Exercise 1

Let’s start off with a single covariate. We’ll use the motorcycle data set, which is a data frame giving a series of measurements of head acceleration in a simulated motorcycle accident, used to test crash helmets.

  • times: in milliseconds after impact
  • accel: acceleration in g
data('mcycle', package='MASS')

Run a GAM predicting head acceleration by time with time as a smooth term.

You can plot the result with visreg as follows. If you haven’t installed it, you’ll need to do so. Otherwise just use the plot function.

visreg(my_gam_model, partial=F)

Exercise 2

Next we’ll use a the yearly movie data consisting of the following variables.

  • year: Year of release.
  • budget_2016: Average budget in millions 2016 US dollars
  • length: Average length in minutes.
  • rating: Average IMDB user rating.
  • votes: Average number of IMDB users who rated movies that year, in thousands.
  • N: The number of movies that went into the averaging.


Run an lm/glm with budget_2016 as the target and your choice of covariates. Here is some starter code.

mod_glm = glm(budget_2016 ~ x + z, data=movies_yearly)


Run an gam with the same model but no smooth terms (i.e. just change the function to gam)


Now run a gam with any smooth terms you care to. What is your interpretation of the results?

Exercise 3

Use the movies_yearly_action data. This data is the same as the yearly data, but broken out into whether the movie was categorized as being and Action flick (possibly in combination of another genre) or Other. Run a GAM where the outcome is budget in millions of 2016 dollars.

# If you haven't already, load the data as in exercise 2
gam_model_byAction = gam(budget_2016 ~  s(year, by=Action) + Action + votes + length, 

Plot the result with visreg as follows.

visreg::visreg(gam_model_byAction, xvar='year', by='Action', 
               overlay=T, partial=F)

What trends do you see? Is the yearly trend the same for action movies vs other movies? Do you think both trends should be allowed to ‘wiggle’?

Exercise 4

Keep it local with the following Great Lakes data set13. The following model uses a Gaussian process smooth for year and a p-spline for the monthly effect, both by the corresponding lake. Try increasing k for the year effect, and with bs='cp' (a cyclic p-spline) for the month effect. Do you think using the cyclic option, where the endpoints are equal, was viable approach?

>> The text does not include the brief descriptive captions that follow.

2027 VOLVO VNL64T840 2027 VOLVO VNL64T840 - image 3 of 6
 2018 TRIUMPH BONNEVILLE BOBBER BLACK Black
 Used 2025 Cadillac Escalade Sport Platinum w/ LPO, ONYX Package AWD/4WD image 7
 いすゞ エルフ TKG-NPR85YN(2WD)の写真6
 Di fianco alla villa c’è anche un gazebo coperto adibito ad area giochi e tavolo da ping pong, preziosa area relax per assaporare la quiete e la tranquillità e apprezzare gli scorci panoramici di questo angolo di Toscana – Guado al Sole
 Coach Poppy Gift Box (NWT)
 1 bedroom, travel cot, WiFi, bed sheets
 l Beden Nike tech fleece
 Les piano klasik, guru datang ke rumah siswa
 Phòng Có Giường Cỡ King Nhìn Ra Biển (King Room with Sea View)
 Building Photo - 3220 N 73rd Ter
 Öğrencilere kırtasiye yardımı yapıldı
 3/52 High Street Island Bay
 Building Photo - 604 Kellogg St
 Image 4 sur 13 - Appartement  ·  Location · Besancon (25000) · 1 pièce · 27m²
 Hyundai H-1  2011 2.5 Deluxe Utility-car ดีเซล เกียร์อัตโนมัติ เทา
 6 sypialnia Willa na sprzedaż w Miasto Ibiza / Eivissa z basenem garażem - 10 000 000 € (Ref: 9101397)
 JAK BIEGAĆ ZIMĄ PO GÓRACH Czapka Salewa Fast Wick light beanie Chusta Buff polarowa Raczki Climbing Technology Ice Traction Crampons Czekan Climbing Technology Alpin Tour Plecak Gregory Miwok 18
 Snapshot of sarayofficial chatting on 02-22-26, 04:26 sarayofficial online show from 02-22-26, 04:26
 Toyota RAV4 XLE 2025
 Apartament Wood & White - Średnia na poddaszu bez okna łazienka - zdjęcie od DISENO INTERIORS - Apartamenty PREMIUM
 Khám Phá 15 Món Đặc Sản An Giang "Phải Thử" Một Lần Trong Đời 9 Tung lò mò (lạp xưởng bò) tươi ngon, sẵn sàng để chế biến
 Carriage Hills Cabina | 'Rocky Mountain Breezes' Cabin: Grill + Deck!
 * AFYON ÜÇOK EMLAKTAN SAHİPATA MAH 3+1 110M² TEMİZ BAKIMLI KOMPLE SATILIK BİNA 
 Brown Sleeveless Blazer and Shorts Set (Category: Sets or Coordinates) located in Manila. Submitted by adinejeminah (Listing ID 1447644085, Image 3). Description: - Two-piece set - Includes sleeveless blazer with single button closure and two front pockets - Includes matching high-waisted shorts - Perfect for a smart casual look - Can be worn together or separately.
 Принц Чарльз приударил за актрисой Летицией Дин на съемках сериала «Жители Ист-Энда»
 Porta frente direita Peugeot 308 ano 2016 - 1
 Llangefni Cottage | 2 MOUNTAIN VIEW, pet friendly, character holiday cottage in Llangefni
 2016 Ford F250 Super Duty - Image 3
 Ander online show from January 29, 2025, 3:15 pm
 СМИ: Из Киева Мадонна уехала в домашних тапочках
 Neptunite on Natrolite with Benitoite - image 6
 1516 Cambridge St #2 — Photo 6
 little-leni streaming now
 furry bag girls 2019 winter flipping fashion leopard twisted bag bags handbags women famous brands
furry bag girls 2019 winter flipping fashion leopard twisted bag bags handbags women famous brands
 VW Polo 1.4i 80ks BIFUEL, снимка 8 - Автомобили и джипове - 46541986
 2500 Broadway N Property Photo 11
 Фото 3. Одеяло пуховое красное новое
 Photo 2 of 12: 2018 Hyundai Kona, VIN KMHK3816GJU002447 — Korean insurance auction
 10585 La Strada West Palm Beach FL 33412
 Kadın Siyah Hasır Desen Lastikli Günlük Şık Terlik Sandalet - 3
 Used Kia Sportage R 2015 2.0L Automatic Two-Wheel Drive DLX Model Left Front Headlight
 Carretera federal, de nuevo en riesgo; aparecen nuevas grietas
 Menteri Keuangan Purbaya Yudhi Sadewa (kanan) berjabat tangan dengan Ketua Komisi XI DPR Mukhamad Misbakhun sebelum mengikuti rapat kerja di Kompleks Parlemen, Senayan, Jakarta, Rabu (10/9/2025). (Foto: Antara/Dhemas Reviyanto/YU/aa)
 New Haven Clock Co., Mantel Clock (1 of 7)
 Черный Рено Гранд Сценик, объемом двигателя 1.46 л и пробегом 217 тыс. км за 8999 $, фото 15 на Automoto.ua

gam_monthly_cycle = gam(meters*10 ~ lake + s(year, by=lake, bs='gp', k=10) 
                        + s(month_num, bs='ps', by=lake), data=lakes)
# summary(gam_monthly_cycle)
monthpd = visreg(gam_monthly_cycle, xvar='month_num', by='lake', overlay=T, plot=F)$fit
yearpd = visreg(gam_monthly_cycle, xvar='year', by='lake', overlay=T, plot=F)$fit

monthpd %>% 
  ggplot() +
  geom_line(aes(x=month_num, y=visregFit)) +
  scale_x_continuous(breaks=1:12, labels=month.abb) +
  facet_wrap(~lake, scales='free_y') +
  theme(axis.text.x = element_text(angle=-45, hjust = 0))

yearpd %>% 
  ggplot() +
  geom_line(aes(x=year, y=visregFit)) + 
  facet_wrap(~lake, scales='free_y')

  1. Lake data from http://www.lre.usace.army.mil/Missions/Great-Lakes-Information/Great-Lakes-Water-Levels/Historical-Data/. Note that in the exercise we model the water level in decimeters.